I don’t think we’ll ever notice the age of cyborgs, because we do these things one at a time. We roll them out in small ways, and increment them across society. We quietly piece together a know-everything machine, make its connections invisible, then put it in a small box we built as a talk-to-anyone-machine, and carry it around with us. (The first and ultimate prosthetic of the species being community, and so our most powerful magics will always be incantations to one another.) We hand out drugs to everyone that make them more ready for capitalism as a warm, tasty beverage. While we talk about powersuits and armies of robots, we get into metal boxes next to explosion chambers and extend our proprioception to their edges. We do this so that we can then hurtle down ribbons of death we’ve built all around the landscape at speeds not naturally found very often this side of celestial interaction. We call this commuting and consider it one of the most boring things humans do.

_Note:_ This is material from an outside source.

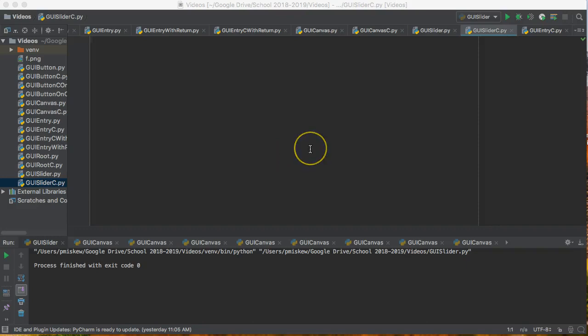Hello. In this video, we are going to make a GUI slider using tkinter, but we're going to set it up such that our main window is set up as a class.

Matt is right. Quinn’s contribution to 50cyborgs is wonderful; thoughtful and provocative and brimful of good stuff. You should go read it right away.

Media-cyborgs

16 September 2010

I’ve already linked to it on delicious, but this Snarkmarket post demanded a decent quotation:

…you start to see cyborgs all around you. It’s not just people with, you know, gun-legs; it’s anybody who uses a cell phone or wears contact lenses. It’s anybody who brings a tool really close in order to augment some capability.

Aren’t there people who have brought media that close? Aren’t there people who manipulate it, in all its forms, as naturally as another person might make a phone call, or speak, or breathe?

When you think of someone like Kanye West or Lady Gaga, you can’t think only of their brains and bodies. Lady Gaga in a simple dress on a tiny stage in a no-name club in Des Moines is—simply put—not Lady Gaga. Kanye West in jeans at a Starbucks is not Kanye West.

…which is about as much as I can quote without reproducing the whole article. But there’s so much good stuff here. Media as force-multiplier and prosthesis. Media as true-geography. Media as identity. It’s really, really good, overlapping with so many of my own interests, making a convincing point.

  • "But we have got the resources to save ourselves. General perception of games is jammed as masturbatory power-fantasy, sure, but the talent is hardly lacking. So let’s plea to them: we need a Joyce, or a Waste Land, or something you have to play with an abridged notes guide over your knee as you rip through it, something hardcore in its modernism that wants to make you work, make you sweat for its charms. We need cultural elitism to save ourselves." I am really, really enjoying Five Players at the moment.
  • Joe Moran on Daniel Miller's "The Comfort Of Things", which has gone straight onto my wishlist.
  • "For instance, when a film critic with a Twitter account says that video games are not art, the natural followup becomes, "Well then… what is art?" And suddenly we're in some goddamn flourescent-lit student lounge, sitting on a nine-dollar couch across from a dude whose shirt is self-consciously spattered with daubs of encaustic, hip-to-hip with the girl who stamped each page of a copy of The Feminine Mystique with an ink print of her own labia, hearing the guy over our shoulder mention Duchamp for the sixth time this week, and it all just needs to stop right now." Well said, Steve.